That’s not to say that Eden is dry, a constant downer, or incredibly heavy all the time. There are many bouts of awesome choreographed action, explicit romance, and even spurts of comedy. There are cyborgs with blades and guns built into their arms, big robots, mental battles between hackers, car chases, nuclear explosions, and all sorts of other things you’d find in shows like Ghost in the Shell and 24 too. However, Eden makes sure to stay personal and focused, and never gets caught up in too much sci-fi jargon, shock value, or over-the-top shenanigans.
I think Eden’s strongest and most defining feature overall is the way it presents itself. It shows such a wide scope of events, characters, and emotions in a way that goes against what I’ve become comfortable with in storytelling. To put it plainly, this manga’s presentation is “raw.” Good and bad things happen constantlyintermingled with each other. The “heroes” do “bad” things at points, and the characters you would normally identify as “evil” are usually just people like the rest of us. These people are born, live, and die, making the decisions they see as best while they’re still breathing, and that doesn’t always lead to what they may or may not deserve.
A particularly powerful scene for me was when the teenage main character, Elijah, kills the two loved ones of a brutal, wanted drug lord before his eyes as the three are about to flee the country, leading the man to commit suicide. Earlier, the man had attempted to sell his daughter, and that led to the girl’s avoidable death. The man wanted to escape the violent place he grew up in with his brother and girlfriend, and Elijah wanted justice for his daughter, who’d needlessly suffered. Who was right? How will Elijah change from there on? Situations like this are what make Eden’s story and characters so compelling.
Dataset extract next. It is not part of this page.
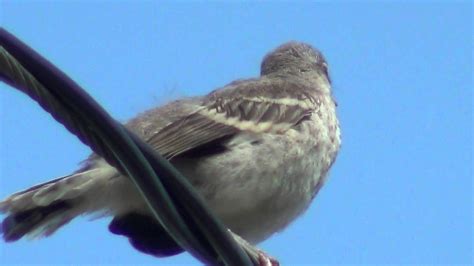 Northern Mockingbird Fledgling Youtube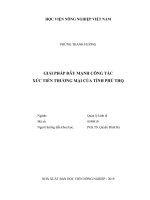 Giải pháp đẩy mạnh công tác xúc tiến thương mại của tỉnh phú thọ luận văn thạc sĩ kinh tế nông nghiệp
It’s a series that presents the harsh, mundane, and sentimental with equal weight, and it’s up to the reader to come to their own understanding and opinion of what’s transpiring. These similarities to real life are what make it so easy to get emotionally invested in these characters and plotlines, while at the same time potentially being made dejected by them.
I can’t recommend Eden: It’s an Endless World! enough. It’s something legitimately special, a kind of story you find very rarely, especially in this medium. Parts of this manga might upset you, and it may do bad things to those with weak hearts, but the overall experience is as rewarding as fiction gets.
Volume 14 won’t be out for a little while, so now’s a good time to start at volume 1!